“Here thou art unjust to him!” interrupted his wife; “do not place a fine upon him, else I will place thee in a vaudeville! Thy life is in politics; our cousin’s in theatrical life; Wilhelm’s in thorough-bass; and Mr. Thostrup’s in learned subjects. Each of you is thus a little nail in the different world-wheels; whoever despises others shows that he considers his wheel the first, or imagines that the world is a wheelbarrow, which goes upon one wheel! No, it is a more complicated machine.”
Later in the evening, when the company broke up, Otto and Wilhelm went together.
“I do not think,” said Wilhelm, “that thou hast yet said thou to me. Is it not agreeable to thee?”
“It was my own wish, my own request,” replied Otto. “I have not remarked what expressions I have employed.” He remained silent. Wilhelm himself seemed occupied with unusual thoughts, when he suddenly exclaimed: “Life is, after all, a gift of blessings! One should never make one’s self sorrows which do not really exist! ‘Carpe diem,’ said old Horace.”
“That will we!” replied Otto; “but now we must first think of our examination.”

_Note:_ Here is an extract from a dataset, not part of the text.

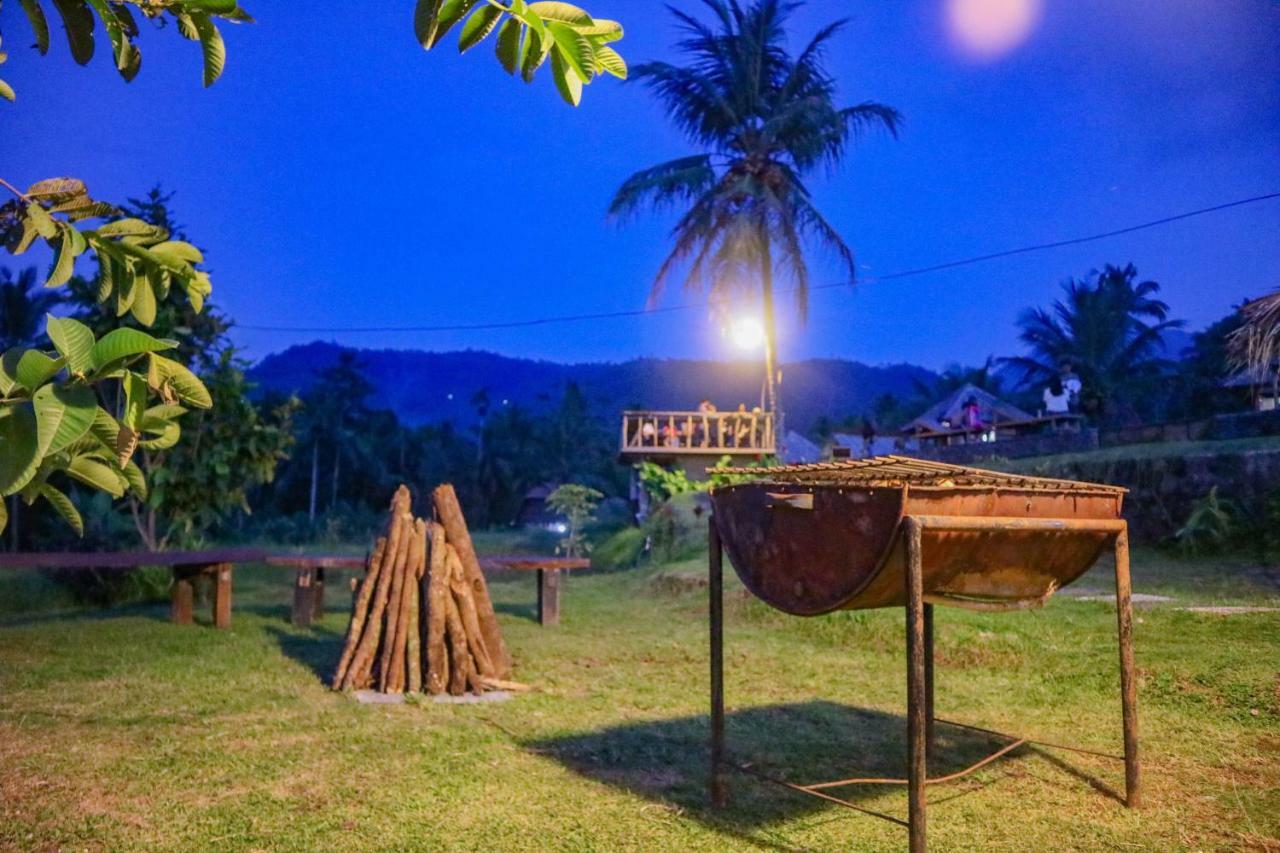הוילה Munduk Puri Sunny Camp מראה חיצוני תמונה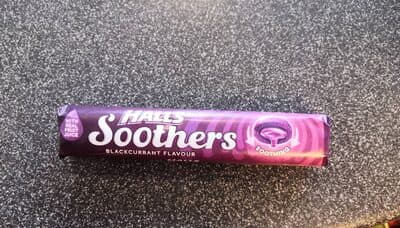 Halls Soothers Candy Blackcurrant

They pressed each other’s hands and parted.
“But I have heard no thou!” said Wilhelm to himself “He is an oddity, and yet I love him! In this consists, perhaps, my own originality.”

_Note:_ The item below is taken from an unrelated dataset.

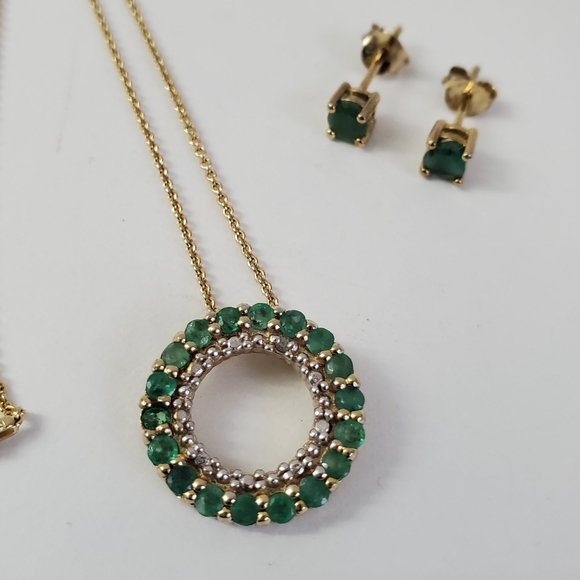 Sterling Silver 925 Gold Genuine Emerald Diamond Cut Necklace and Earrings - Picture 5 of 12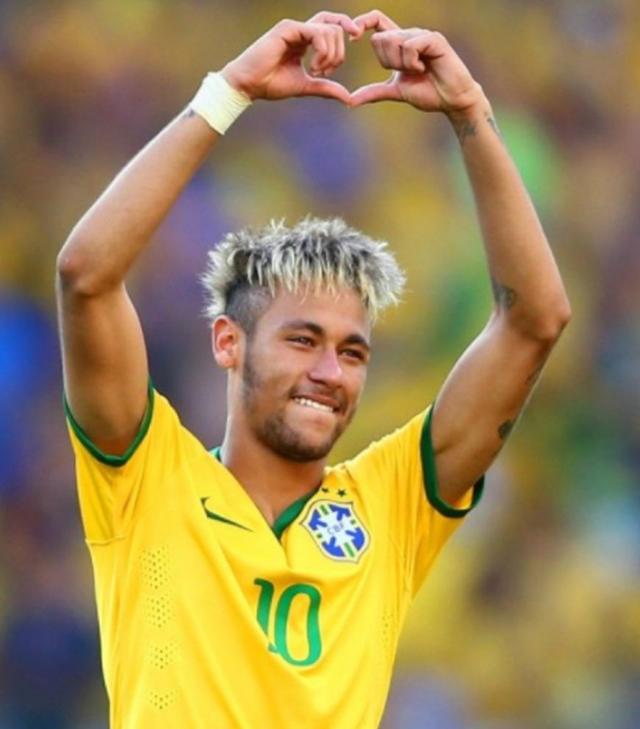 罗体：萨里向洛蒂托要求在一月引进一名高水平中场球员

He entered his room, where the hostess had been cleaning, and had arranged the books and papers in the nicest order. Wilhelm truly called it disorder; the papers in confusion and the books in a row. The lamp even had a new place; and this was called order!

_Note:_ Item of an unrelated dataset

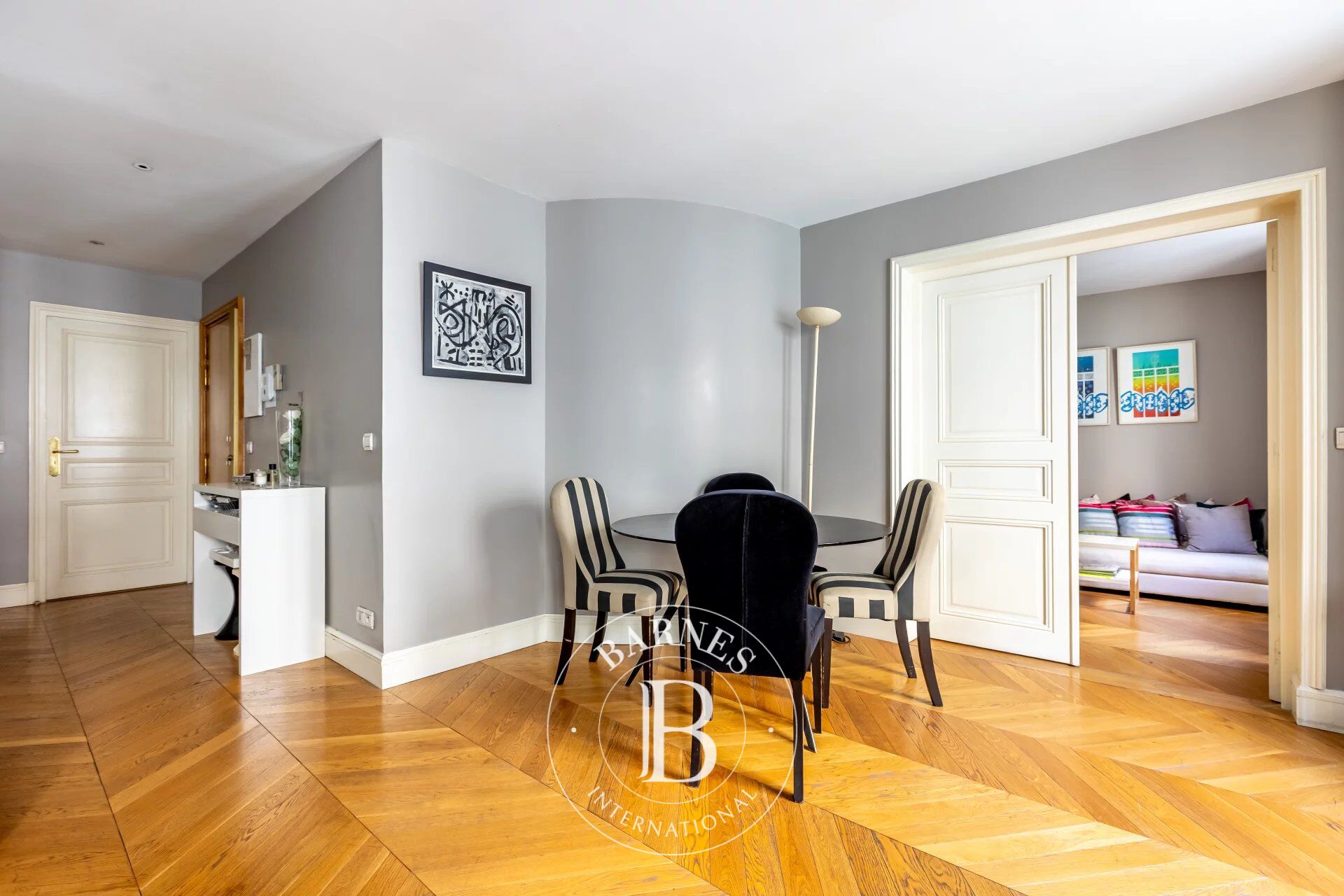 PARIS 8TH ARRONDISSEMENT - MADELEINE / BOISSY D'ANGLAS - 2 BEDROOMS - picture 3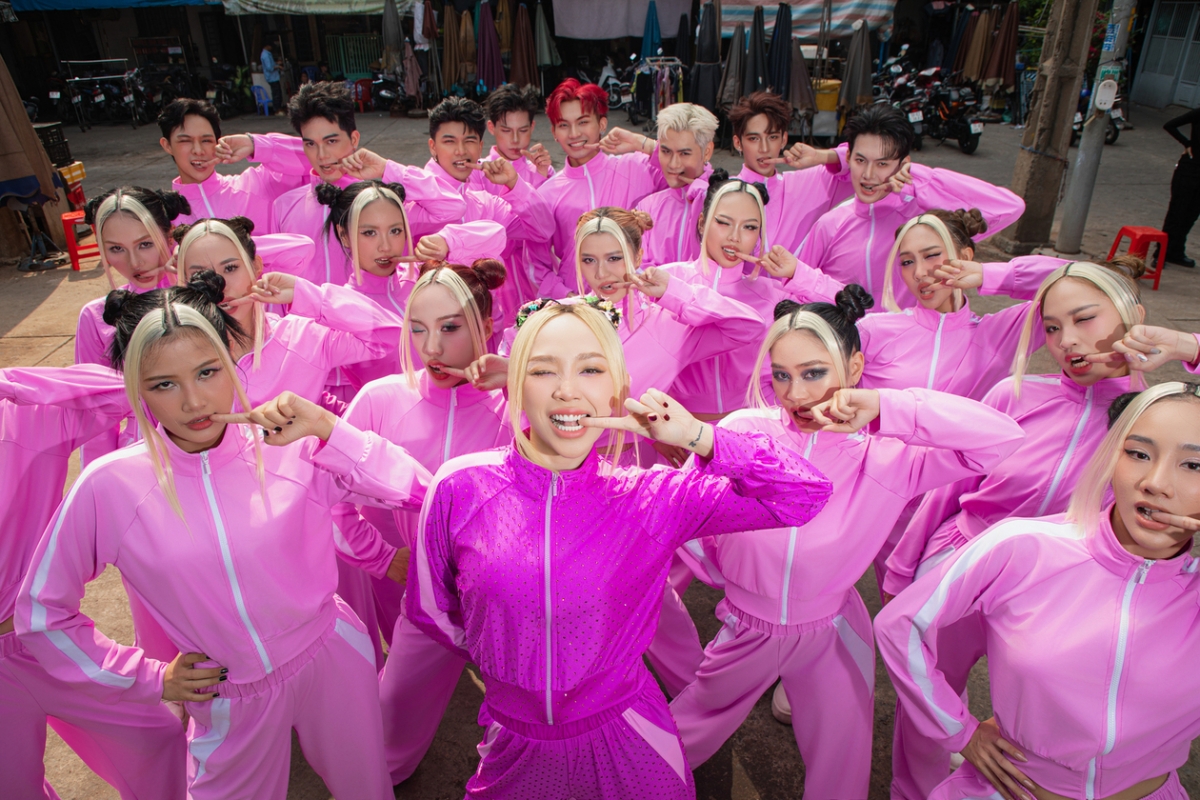 Tóc Tiên tung bản dance của ca khúc Đậm Đà tạm biệt năm cũ- Ảnh 1.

Smiling, he seated himself at the piano; it was so long since they had said “Good day” to each other! He ran over the keys several times, then lost himself in fantasies. “That is lovely!” he exclaimed. “But it is not my property! What does it belong to? It melts into my own feelings!” He played it again. It was a thema out of “Tancredi,” therefore from Rossini, even the very composer whom our musical friends most looked down upon; how could he then guess who had created those tones which now spoke to his heart? His whole being he felt penetrated by a happiness, a love of life, the cause of which he knew not. He thought of Otto with a warmth which the latter’s strange behavior did not deserve. All beloved beings floated so sweetly before his mind. This was one of those moments which all good people know; one feels one’s self a member of the great chain of love which binds creation together.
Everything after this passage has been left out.